CFP: OpenCor 2024 • Latin American and Iberian Languages Open Corpora Forum

This will be the fifth edition of OpenCor, an annual venue that aims to gather the community to work on freely available language resources for the variety of languages spoken in Iberian countries and Latin America.

Recent years have seen a move in Computational Linguistics towards bigger and better, more reliably annotated corpora. However, the existence of such reliably annotated corpora is one of the serious bottlenecks for processing natural language. Producing and maintaining corpora is a difficult task that usually requires sizeable funding and the cooperation of several experts. Although having such corpora available is essential, the many difficulties and the amount of work needed to produce reliable corpora make creating this data and making it available a non-trivial proposition. Producing reliable corpora continues to be an invisible task in Natural Language Processing. Especially when working on languages different from English, on smaller datasets not immediately suitable for machine learning approaches, or on a new release of a previous dataset, it needs to be made clear to the corpora creators how to publish and properly discuss their work. Most of the biggest Natural Language Processing venues are closed to accepting corpora descriptions. The situation is even worse when considering minority and endangered languages since most of them do not have a related venue where these works can be discussed.

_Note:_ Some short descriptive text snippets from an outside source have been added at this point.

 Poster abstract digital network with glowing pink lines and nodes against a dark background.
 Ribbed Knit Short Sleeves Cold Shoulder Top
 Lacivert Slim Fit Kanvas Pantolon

The Latin American and Iberian communities that produce open corpora have yet to establish an event allowing experts to share ideas, discuss difficulties, and get feedback on their work. Different meetings have been held in the last years, but either they need to be more generic to embrace all corpora work done in these communities, or there needs to be continuation and support for future editions. Due to these conditions, it is common for groups that share related interests or face the same difficulties to be unaware of other groups and their recent work within these communities.

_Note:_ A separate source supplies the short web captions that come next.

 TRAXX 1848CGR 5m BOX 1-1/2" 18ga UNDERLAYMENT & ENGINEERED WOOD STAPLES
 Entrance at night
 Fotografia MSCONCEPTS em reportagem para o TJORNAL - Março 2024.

This forum aims both to fill the gap of having a permanent venue for the construction, annotation, and maintenance of open corpora for Latin American and Iberian languages and to create an extensive list of these resources. OpenCor welcomes discussions on Portuguese, Spanish, indigenous languages, creoles, Galician, Catalan, Aragonese, Astur-Leonese, Aranese, and other languages spoken in Latin America or Iberian countries. Work on endangered, minority, and/or less-resourced languages is particularly welcome.

The venue

This is the fifth edition of OpenCor Forum, a forum to gather the community that produces, maintains, and distributes freely available language resources for the large variety of languages spoken in Iberian countries and Latin America. All accepted works will also be part of the OpenCor list, an initiative to have catalogued open resources produced for the targeted languages. This forum welcomes, but is not restricted to, the following topics:

releases of new open data sets
descriptions of established open corpora
guidelines creation, annotation strategies, and best practices discussion
corpora maintenance and management
corpora curation and assessment
corpora design and evaluation
corpora creation strategies and difficulties faced by the community
ethical aspects of corpora creation

This edition OpenCor Forum will be held on site, as a part of PROPOR 2024 - 16th International Conference on Computational Processing of Portuguese in Santiago de Compostela (Galiza) from 14th to 15th March.

Submission

We invite submissions of anonymized extended abstracts up to one page, with references. The documents should be anonymous. Documents must follow Springer LNCS guidelines and must be submitted in Iberian, Latin American Language or English. Accepted extended abstracts will serve as the submitted corpus description on the OpenCor List. OpenCor is non-archival; therefore, works that have been or are planned to be published elsewhere are also welcome.

Authors need to submit the link for their resources together with the extended abstract. One of the goals of OpenCor is to provide a full list of resources and described languages by the end of the forum. We hope this list will help keep track of freely available resources for our targeted languages.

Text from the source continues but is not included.